Where else can a genealogist find out so much about someone you don’t know? It is often the genealogy equivalent to winning lotto.
Don’t think we are morbid. Please. We’re not. We may be a little OCD when it comes to focus and getting the details, but when the genealogist looks for a family history and locates ancestors, that’s like the Powerball. Big winnings.
So what has happened to this genealogy researcher is this: I’ve come to read the obituaries very closely, every single day of the week.
In them, you see family jokes, family friends, and sometimes family enemies. You see where the person worked. Where they donated money. You sometimes see what they died from. There are lots of details for the genealogist. Obits list birthplaces and schools. The ancestor search can turn up lots from the local paper this way. Online obits are just as fulfilling but you can’t clip them, so this genealogist prefers the paper kind.
Take this morning. I read my local paper and my genealogy researcher glasses were on. This Sunday morning was particularly full. Sundays are that way because people know everyone is looking. For me, it is genealogist heaven. Three pages of them and way more details than I could imagine.
I learned about a few famous ones and a few young ones gone—so sad. I saw the outpouring of love for a few their families said were good men. And then, there were three, yes three, women who had just reached one hundred years. You really catch the trends!
I saw which European or Russian areas people came from and to where they came first and moved next. Some of those obituaries told every company the person had worked for which gave me a sort of genealogist business listing tour. I also saw maiden names and on some of them, names of companions. For the genealogist who is searching for LGBT people, today’s obituaries are providing lots more details than they used to. Far more than when things were all bungled up in secrets. Yet, there is still a bit of a code that the genealogist has to learn, as in discerning what “companion” and “friend” mean. Though some are trailblazing, not too many are putting in “husband” for a man’s spouse, yet.
And the last names. I have seen so many new and unusual last names. And when I find my family’s last names, even if I don’t know the person who died, I clip the obit and save it. Right to the file. This genealogist hopes to connect them all– someday.

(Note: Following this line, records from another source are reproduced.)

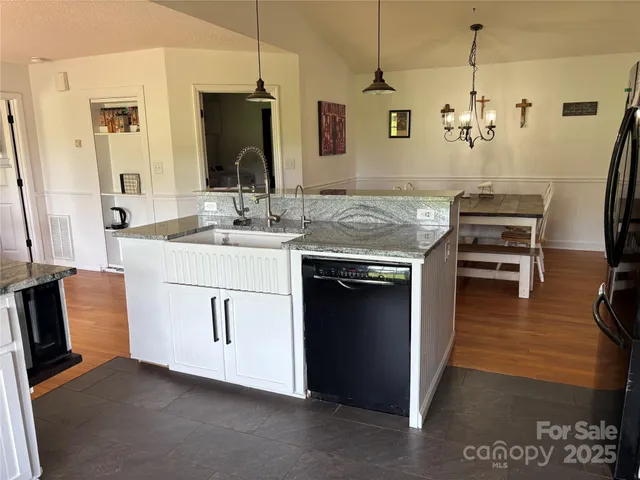 a kitchen with a sink stove and wooden floor
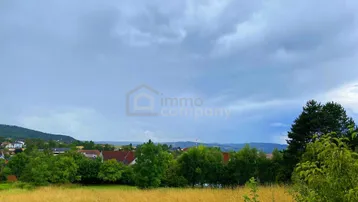 Weitläufiger Blick über eine ländliche Landschaft mit Häusern, Bäumen und bewölktem Himmel.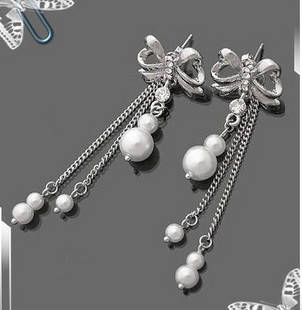 Silver Bow Dangling Earrings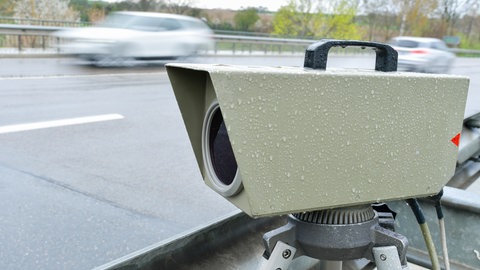 Ein Auto fährt an einem Messgerät zur Geschwindigkeitskontrolle von Fahrzeugen vorbei. 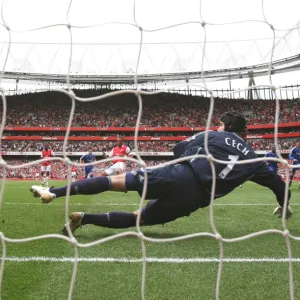 Gilberto shoots past Chelsea goalkeeper Petr Cech to score the Arsenal from the penalty spot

I recall when my dad told me he was always reading the obits just in case he saw someone he knew. That was a decade ago and I chuckled. Guess what? Now, I read the obits right after I read the front page. Is it because I’m aging or because I’m a genealogist? When I recently had my newspapers held for a week, do you think this genealogist read the news in every one of those papers? No way! I went right for the obits. Totally skipped the front page on most days. I just skimmed the whole paper till I got right to the obits and then I focused closely to see if I’d missed anyone I know, might know or might have a friend who knows.
That’s how it goes around here in genealogist heaven. We’re looking for the facts. And when we find ‘em—we put them in the family history researcher files. It is just so exciting. But every genealogist knows this already.